_TASK DETAILS:_ Everything from the line that contains "蟹小姐｜用户+17%、效率+" through the last line below should be transcribed exactly, except the pictures.

_SOURCE DATA:_
#####

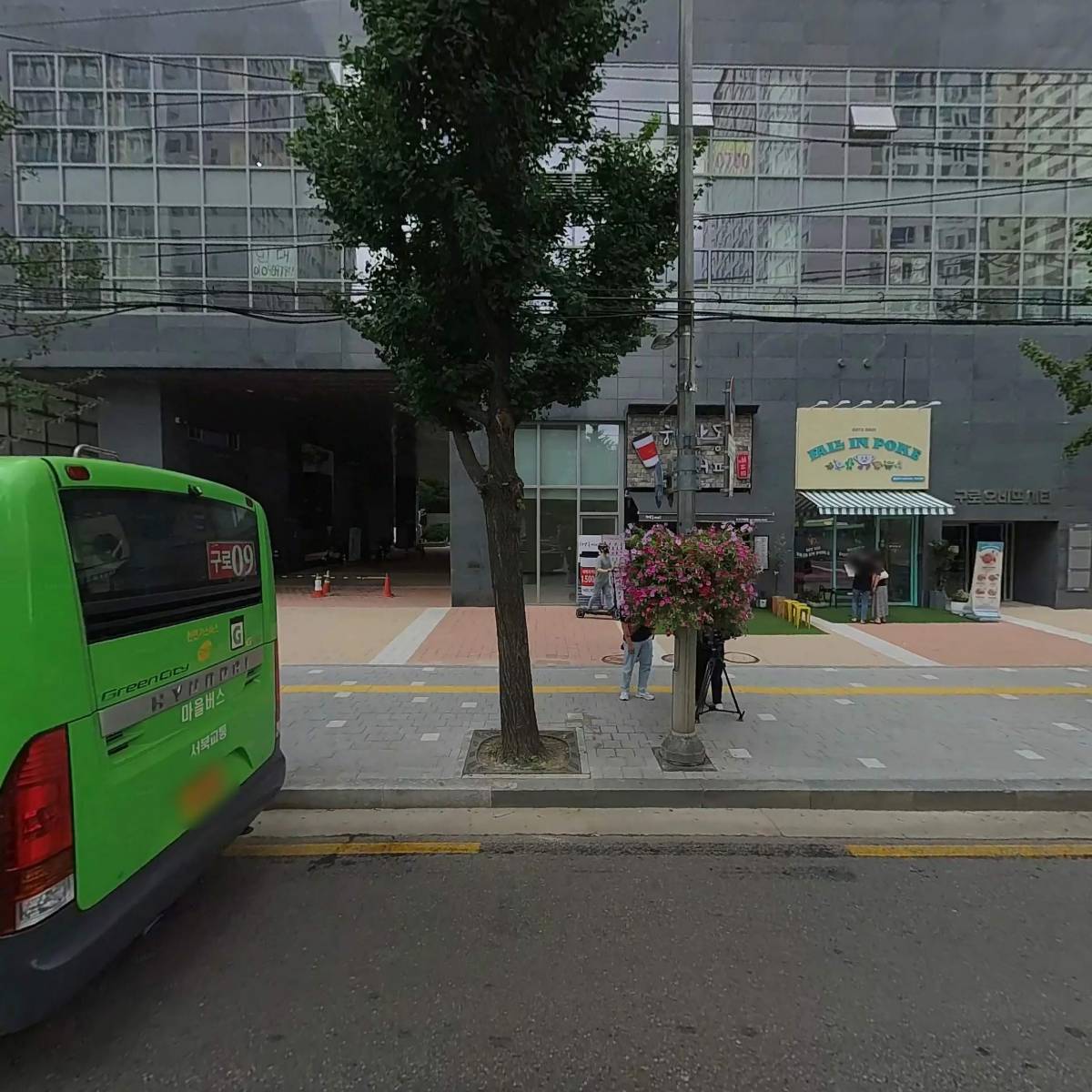 합연종합건축사사무소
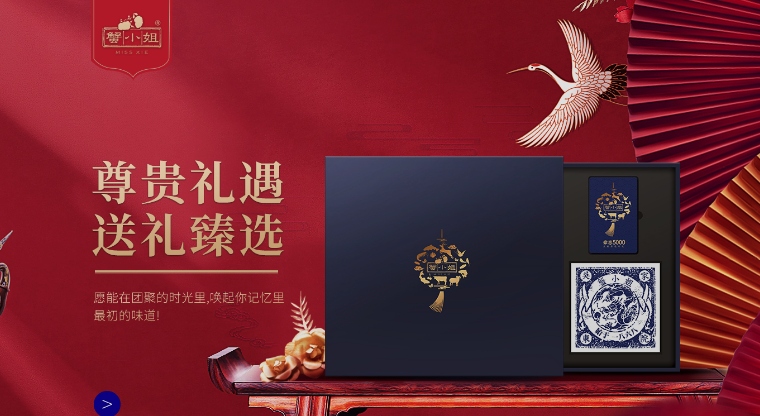 蟹小姐｜用户+17%、效率+100%,生鲜知名品牌“蟹小姐”如何通过吉客云卡券提升效益？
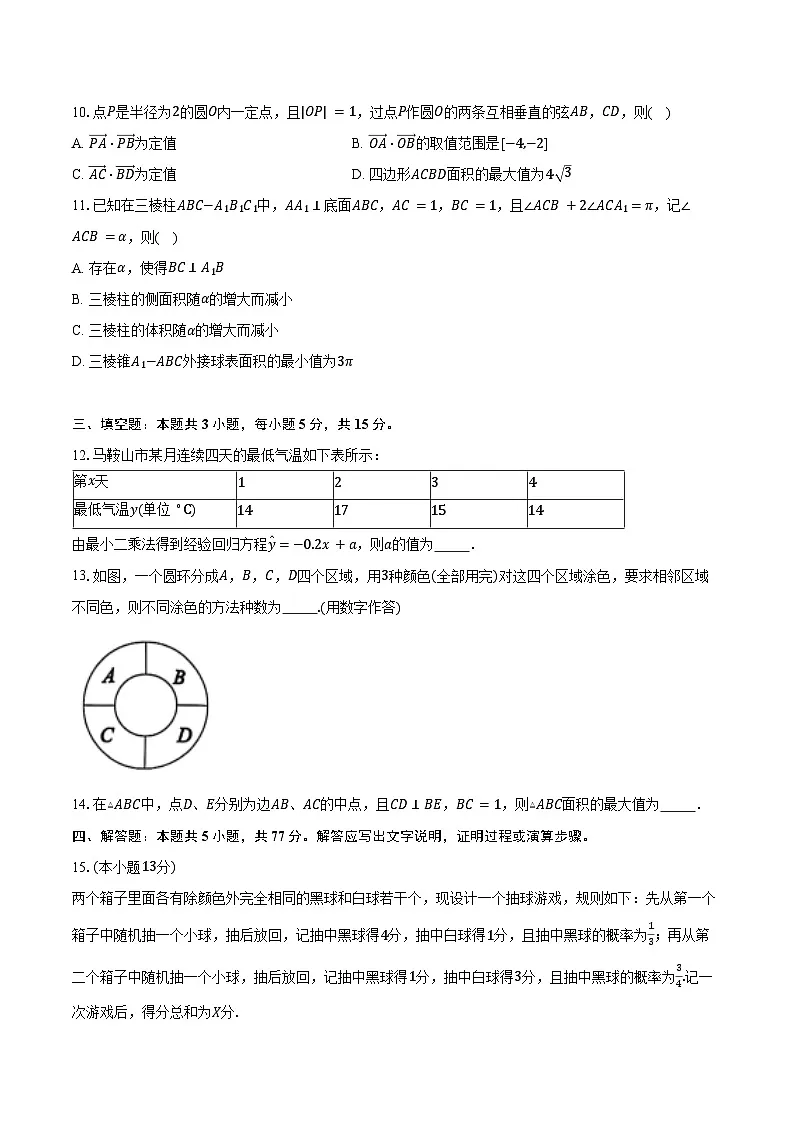 安徽省马鞍山市2025届高三第二次教学质量监测数学试卷(含答案)第2页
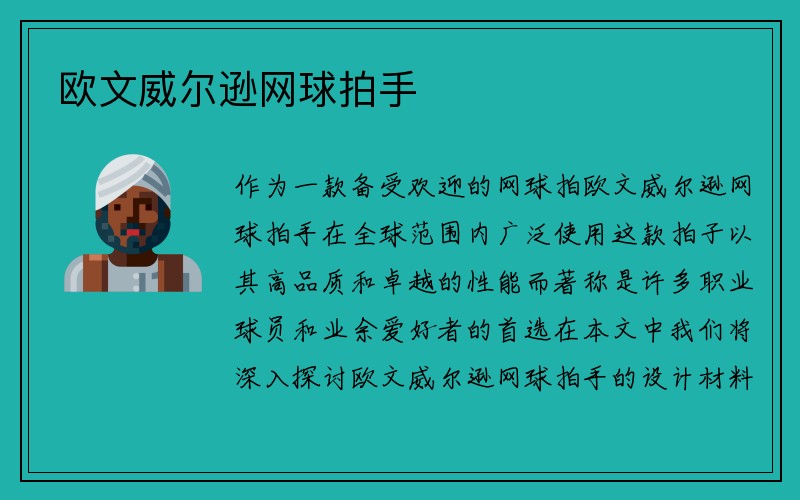 欧文威尔逊网球拍手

#####

_FINISHED TASK:_
 蟹小姐｜用户+17%、效率+100%,生鲜知名品牌“蟹小姐”如何通过吉客云卡券提升效益？
 安徽省马鞍山市2025届高三第二次教学质量监测数学试卷(含答案)第2页
 欧文威尔逊网球拍手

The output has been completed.